Thank you, convener. I apologise for directing this question to Mr Thomson, but the paper that he submitted might have been a blue touchpaper for getting us to ask things.
We have heard concerns from other members about greater policy distinctiveness in Scotland but, according to the paper that you produced, the devo plus suggestion would have policy distinctiveness at a Scottish level concerning, for example, capital gains, stamp duty, VAT and corporation tax in particular. All of those have major implications for businesses. Is it your view that the benefits of having that policy distinctiveness at a Scottish level outweigh those extra issues for businesses?
Having local taxes, whether at a local level or a Scottish level, enables people at those levels to create taxes that are efficient for the sorts of businesses that they have in their areas. I do not think that we had room to supply it, but we have a very good table that shows the different types of taxation and how they are raised in Scotland compared with the rest of the UK.
For our major industries such as oil and gas, whisky and financial services, there are taxes that we can use particularly to encourage business start-ups or generally to encourage businesses in the areas where we are strong. Those might be very different from businesses in the south-east of England. There is not much debate in Scotland about the importance of non-dom taxes, for instance, whereas that issue causes great concern at Westminster because it is important in the south-east of England. The types of taxes that I am talking about would give businesspeople good levers.
What are we trying to achieve at the end of this? We are trying to achieve an environment that is good for business in each of the locations in the UK and Scotland. To provide financial levers to help the businesses in those areas is a positive move.
I want to throw the question out to the other panel members, because some of you have highlighted areas where policy distinctiveness might be a problem for your businesses. The usual concerns are about its possible negative consequences, but if we had policy distinctiveness there would surely be an opportunity to create at a Scottish level positive benefits for your companies. Have you thought about any areas in that respect?

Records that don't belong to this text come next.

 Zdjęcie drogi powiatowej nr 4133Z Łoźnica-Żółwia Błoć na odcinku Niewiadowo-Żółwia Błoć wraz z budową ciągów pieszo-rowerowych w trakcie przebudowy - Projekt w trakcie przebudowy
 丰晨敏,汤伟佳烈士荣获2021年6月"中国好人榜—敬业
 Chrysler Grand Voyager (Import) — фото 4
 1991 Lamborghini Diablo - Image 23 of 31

Perhaps Hugh Andrew is a good person to answer first, given that he highlights competition policy in his submission.
First, on the tax issue, we too often look at the big-picture taxes such as corporation tax. When Ireland cut corporation tax to 12.5 per cent, it created a headquartersopoly economy, but those headquarters did not necessarily create real organic growth. A more persuasive argument would centre not on corporation tax but on a cut to employers’ national insurance contributions.
A business such as mine needs marginal gains and competitiveness. I am not necessarily talking about a huge amount, but over time, marginal gains can add up to an enormous amount for us. Too often in politics, there is a tendency to go for the big headline issue. We should take more of a look at the small, boring things. The weakness of competition policy in Scotland has been a huge problem. All parties should take on board the fact that the Office of Fair Trading can look at local monopolies in Scotland but, curiously, cannot consider Scotland itself as an entity.

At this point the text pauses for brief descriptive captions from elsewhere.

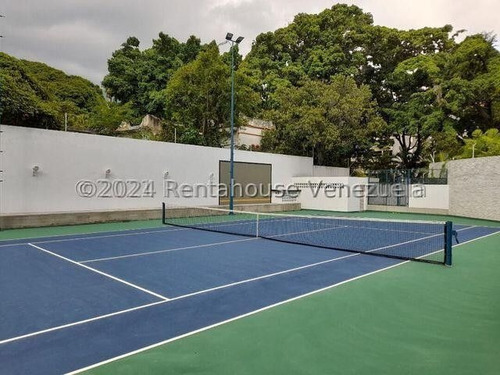 Jr-la Florida, Venta Apartamento Vip, 300 M2,conjunto Tipo Club, Piscina, Pozo,planta Electrica.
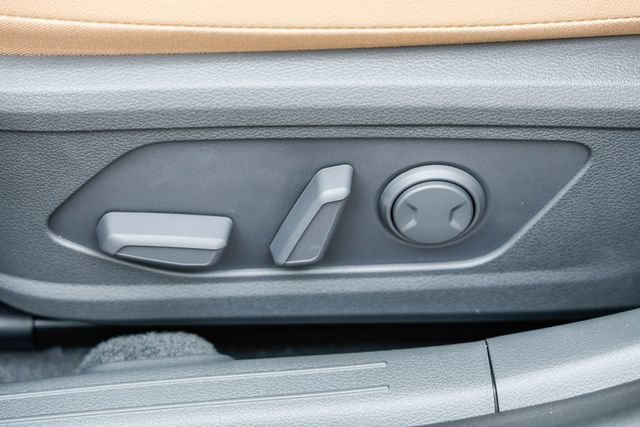 New 2026 Hyundai Sonata Limited FWD image 26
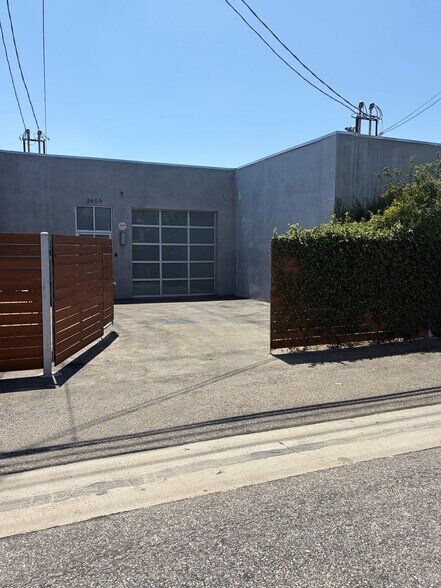 2409 W Empire Ave, Burbank, CA à louer - Photo du bâtiment - Image 2 de 7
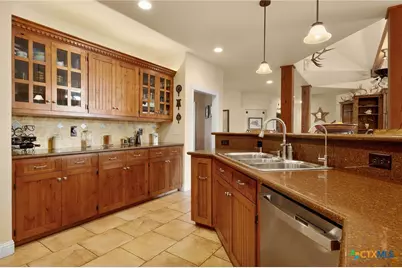 246 Stonebrook Ridge, New Braunfels, TX 78132 - Photo 10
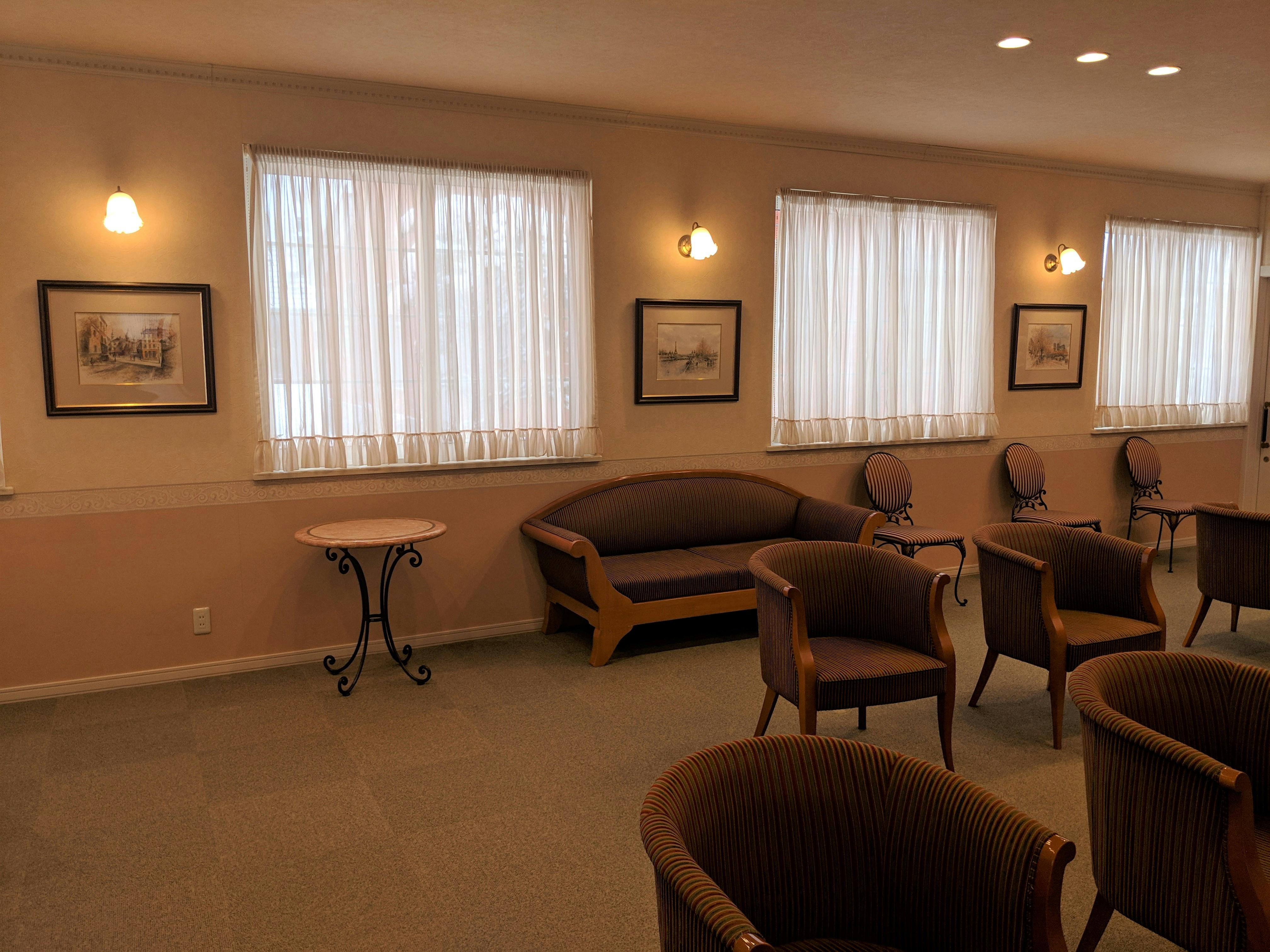 ふらの皮フ科待合室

What would others like to see?
I get a lot of support from Scottish Development International. That is great, but I am a little concerned about the funding that it might receive through UK Trade & Investment. SDI might need to increase its staff and ensure that the same amount of grant funding is available to SMEs in the future. That would be a good thing; indeed, I agree with many of the other panellists’ comments that it would be a good thing for Scotland to have some of these powers. However, we need to ensure that the same levels of funding—or, ideally, more—are available to SMEs. I also agree that NI contributions should be cut.

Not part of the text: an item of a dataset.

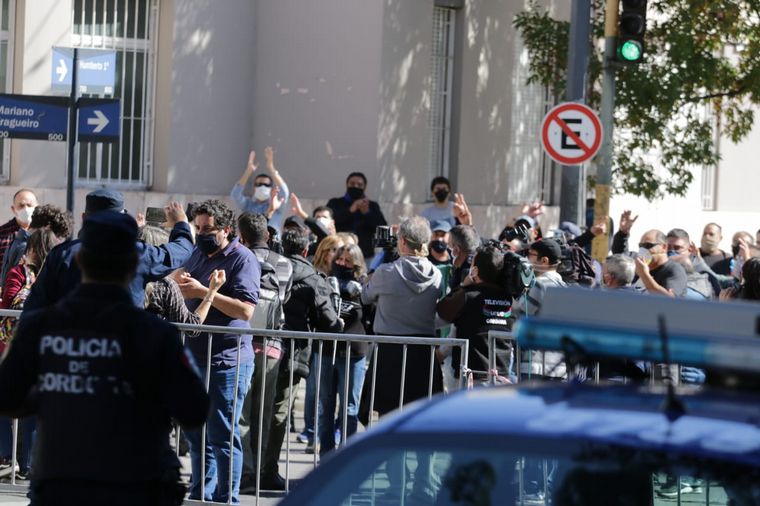 Suoem protesta frente al Concejo Deliberante por proyecto de recortes.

As far as pensions and so on are concerned, it would be great if we could benefit our employees and pay them more, but in the current economy and conditions we are all struggling. Anything that can be done to help us to hire more employees would be great.
Ms Morrison made a great point about SDI. For an international business such as ours, funding and support from SDI and Scottish Enterprise are crucial. Over the past year, I have watched the intervention rate for funding fall from 50 per cent to 30 per cent, which has caused us some problems. It would be great if that rate could be increased a little bit more. There is some investment for businesses that do not get any other investment, but on occasion they cannot attend events or go to certain places because the intervention rates are just not high enough.
For me, one of the issues is skills. Lots of skills are being lost to Scotland, particularly as a result of scientists leaving the country. There are women who cannot sustain their careers because they are unable to pay for childcare to support what they are doing. We are losing lots of women who have done their degrees and PhDs, who have trained in postdoctoral labs and so on. That needs to be addressed, because if it is not, we will not be able to compete internationally or get entrepreneurs and scientists out there.
You mentioned business support, childcare and so on, but would your line of business also be helped by R and D tax credits?
Absolutely. A real focus for us is to look at our accounts and see where we can pull back money. A substantial proportion of our budget is for generating technologies extremely quickly. We have to move fast on that, but we need to get the money back in to support that development, and R and D tax credits are crucial in that respect.
We also need to look at the rates for small businesses compared with those for larger businesses. Last year, I took part in work by a Westminster committee that was looking at that very issue and thinking about whether the situation should evolve and change to ensure that smaller businesses that need the money more than larger businesses are supported.
The clock appears to have beaten us. No one else is catching my eye, so this is probably a good point at which to finish.
I thank everyone for coming along. Your views are helpful to the committee and we are very grateful to you for answering our questions.